Historic success for Mexico
Mexico before their World Grand Prix match against Bulgaria
Lausanne, Switzerland, July 28, 2014 - For the first time in 32 years, both of Mexico's teams will take part in the FIVB World Championships. In Port of Spain, Trinidad and Tobago, the Mexican women were the 24th and final team to secure a ticket to the FIVB Women’s World Championships from September 23-October 12 in Italy. It was a historic success, but Mexico's volleyball celebrations were brief.
After all, their first game in the FIVB World Grand Prix took place at the Olympic Gymnasium Juan de la Barrera in Mexico City on Friday, where they were matched up with Kenya. Their other opponents in the first weekend of their first participation in the World Grand Prix were Algeria and Bulgaria. The games should prove to be the perfect preparation for their seventh appearance at the FIVB World Championships.
Mexico's best result at a world championship was a tenth place in 1974 at the tournament organised in their country. That result triggered enthusiasm for volleyball in Mexico. Now Mexico are working their way back to the top of international volleyball. "Women's volleyball has awakened, it has been very fast and intense work with Professor Jorge Azair and the girls have a lot of determination," said Jesus Perales Navarroi, President of the Mexican Volleyball Federation (FMVB).
They proved this at the play-off tournament for the final world championship ticket.

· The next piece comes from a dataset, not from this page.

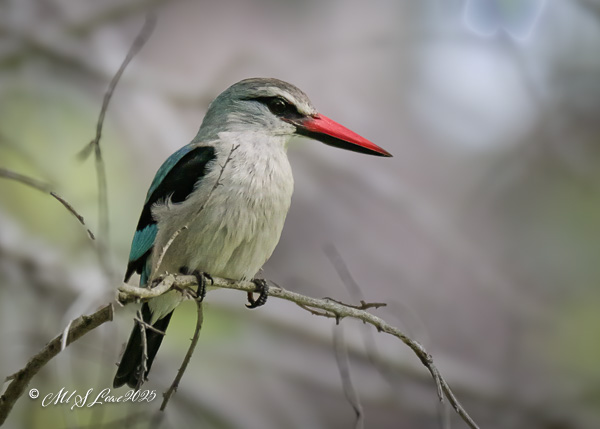 A close-up of a bird with a distinctive red beak and gray plumage, perched on a branch with blurred background.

After three commanding victories against Costa Rica, Panama and Nicaragua, the team also held their nerve when they came up against hosts Trinidad and Tobago, unbeaten until that point. The 3-0 result (25-14, 31-29, 25-17) was only briefly in doubt in the second set. Mexican coach Miguel Jorge Azair said: “We won against a very good team. Mexico played very hard and they were extremely focused. The girls showed hunger.”
Mexico's women also won the majority of the individual awards at the tournament. Lizbeth Sainz, who was the top scorer in the final with 16 points, was voted Best Attacker and also collected the prestigious MVP award. Others who collected prizes for the champions were Lizbeth López (Best Receiver), Claudia Resendiz (Best Setter) and captain Andrea Rangel, who was voted Best Opposite. However, the competition will be tougher at the World Championships and Mexico are the underdogs in one of the most even groups in the preliminary round. Mexico have been placed in Group G, with defending champions Russia, the USA, Thailand, the Netherlands and Kazakhstan.
“It will be an extremely difficult task, but we are trying to prepare perfectly,” said Azair. After all, the Mexican Volleyball Federation has a vision: it wants to be a major world player in Volleyball by 2030. The association does a lot to promote the sport in the country, which is predominantly obsessed with football. Major events have been targeted time and again in recent years, particularly focusing on the junior team, one of the most recent examples being the FIVB U-23 World Championships. And in recent days, the U-17 Beach Volleyball World Championships were hosted by Acapulco. The investment in talent development and attempts to increase public interest in volleyball are starting to pay off.
The men qualified before the women. In 2010, Mexico secured a ticket to the FIVB World Championship for the first time in almost three decades via the playoffs – which resulted in a respectable 13th place overall. They qualified directly this time and have used their first ever participation in the FIVB World League to prepare for the World Championships.
Mexico's qualification for the Men's and Women's World Championships represents another step in the right direction as the country aims to become one of the sport's elite nations.